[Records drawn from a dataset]
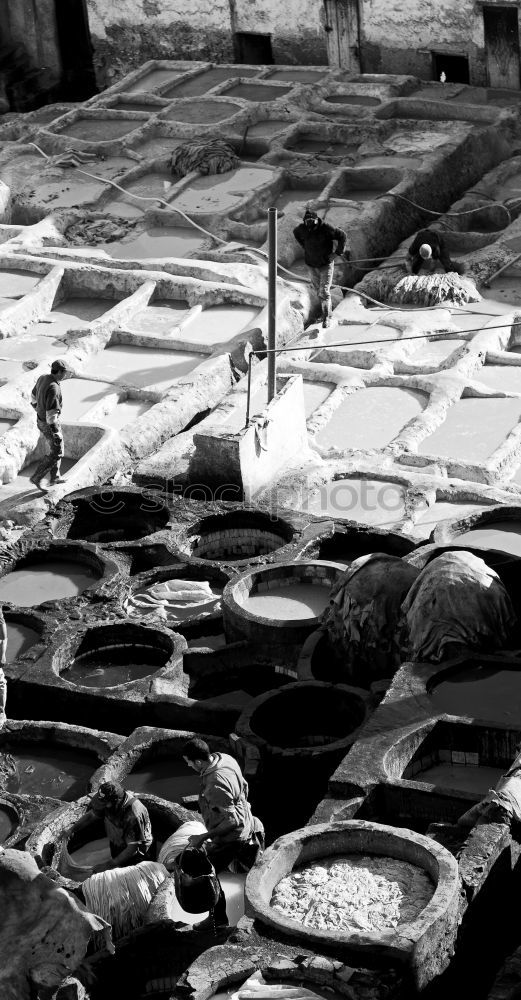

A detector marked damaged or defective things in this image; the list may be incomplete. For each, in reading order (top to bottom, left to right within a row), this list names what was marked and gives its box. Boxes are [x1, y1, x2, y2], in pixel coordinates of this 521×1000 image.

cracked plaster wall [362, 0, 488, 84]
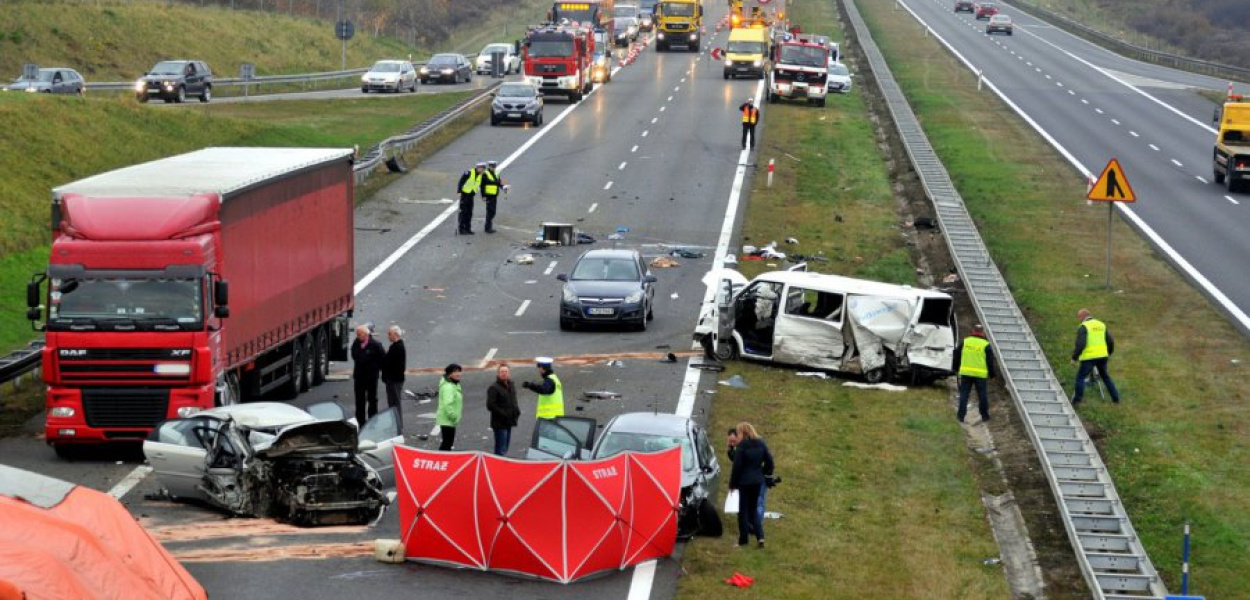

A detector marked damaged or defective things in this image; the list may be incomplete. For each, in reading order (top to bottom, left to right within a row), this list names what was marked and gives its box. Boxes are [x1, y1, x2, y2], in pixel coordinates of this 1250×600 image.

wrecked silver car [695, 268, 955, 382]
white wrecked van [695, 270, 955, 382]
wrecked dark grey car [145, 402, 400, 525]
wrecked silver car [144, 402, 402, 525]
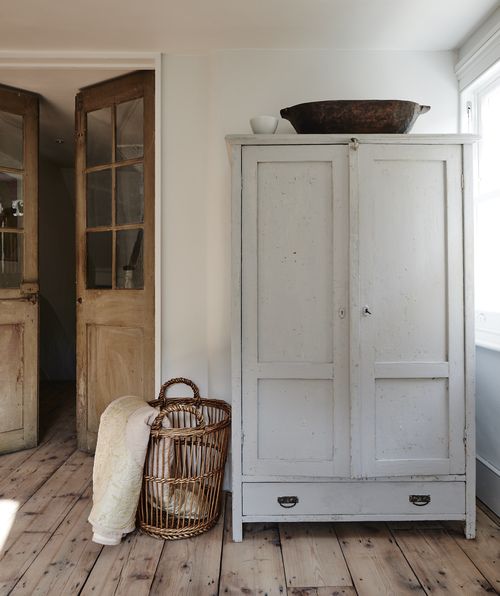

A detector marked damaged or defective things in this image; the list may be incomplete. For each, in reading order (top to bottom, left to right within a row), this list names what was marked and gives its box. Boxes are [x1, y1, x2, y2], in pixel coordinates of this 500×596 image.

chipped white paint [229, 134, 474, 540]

* _REQUIRED ACTION_
May I have exactly the lines from the one containing "this 500×596 image." through the last line of the data, both included?

* _OUTPUT OF THE TASK_
A detector marked damaged or defective things in this image; the list may be incomplete. For each, in reading order (top to bottom, left to right within a row), this list names what was marked and gives its box. Boxes are [x1, y1, x2, y2], in pixel coordinates of this 500×596 image.

chipped white paint [229, 134, 474, 540]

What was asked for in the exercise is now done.